South Korea and Japan held a joint meeting of senior diplomats and defence officials here on Monday, the first such talks since March 2018, Seoul's Foreign Ministry said, amid signs of a slow thaw in bilateral ties.
The director-general-level policy consultation meeting came after South Korean President Yoon Suk-yeol and Japanese Prime Minister Fumio Kishida agreed last month to mend ties soured by historical disputes and step up security cooperation in the wake of North Korea's escalating provocations, reports Yonhap news agency.

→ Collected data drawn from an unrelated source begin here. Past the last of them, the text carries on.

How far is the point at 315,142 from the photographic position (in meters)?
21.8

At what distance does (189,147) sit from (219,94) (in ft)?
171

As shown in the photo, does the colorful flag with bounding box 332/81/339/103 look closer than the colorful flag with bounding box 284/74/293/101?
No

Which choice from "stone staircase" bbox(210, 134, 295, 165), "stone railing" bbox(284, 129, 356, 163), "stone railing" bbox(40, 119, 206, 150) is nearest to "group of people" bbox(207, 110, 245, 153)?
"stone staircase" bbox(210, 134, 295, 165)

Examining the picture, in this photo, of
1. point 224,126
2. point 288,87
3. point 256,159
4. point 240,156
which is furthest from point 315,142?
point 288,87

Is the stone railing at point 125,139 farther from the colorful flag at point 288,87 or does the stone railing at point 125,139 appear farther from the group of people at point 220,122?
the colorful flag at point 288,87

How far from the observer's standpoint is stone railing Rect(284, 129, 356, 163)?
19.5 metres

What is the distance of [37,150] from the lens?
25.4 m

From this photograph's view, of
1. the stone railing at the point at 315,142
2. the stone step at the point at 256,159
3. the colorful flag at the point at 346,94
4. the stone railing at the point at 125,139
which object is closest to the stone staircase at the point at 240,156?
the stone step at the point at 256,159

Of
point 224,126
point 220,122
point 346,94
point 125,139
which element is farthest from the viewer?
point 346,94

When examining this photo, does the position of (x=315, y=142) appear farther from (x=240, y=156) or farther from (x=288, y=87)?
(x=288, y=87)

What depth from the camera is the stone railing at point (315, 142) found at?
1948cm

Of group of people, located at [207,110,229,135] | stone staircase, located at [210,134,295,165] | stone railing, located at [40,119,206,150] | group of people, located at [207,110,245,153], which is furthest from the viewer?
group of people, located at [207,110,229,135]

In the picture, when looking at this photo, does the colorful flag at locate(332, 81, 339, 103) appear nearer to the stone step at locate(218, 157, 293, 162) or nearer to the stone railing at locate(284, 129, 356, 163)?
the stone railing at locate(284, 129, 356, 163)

The so-called two-plus-two meeting brought together Seo Min-jung, director-general for Asia and Pacific affairs at the foreign ministry, and Woo Kyoung-suk, deputy director-general for international policy at the Defence Ministry, as well as their Japanese counterparts -- Takehiro Funakoshi, director-general of Asian and Oceanian affairs, and Atsushi Ando, deputy director-general of the Defense Policy Bureau.
During the session, the two sides are expected to share their assessment of the security situation in Northeast Asia and on the Korean Peninsula, and their respective defence and security policies.
The two countries' leaders agreed in a summit in Tokyo last month to resume various government dialogue channels that had been suspended amid strained ties due to historical disputes stemming from Japan's colonization of the Korean Peninsula from 1910-45.
The joint consultation meeting was launched in 1998 after an agreement between the two countries' Foreign Ministers a year earlier.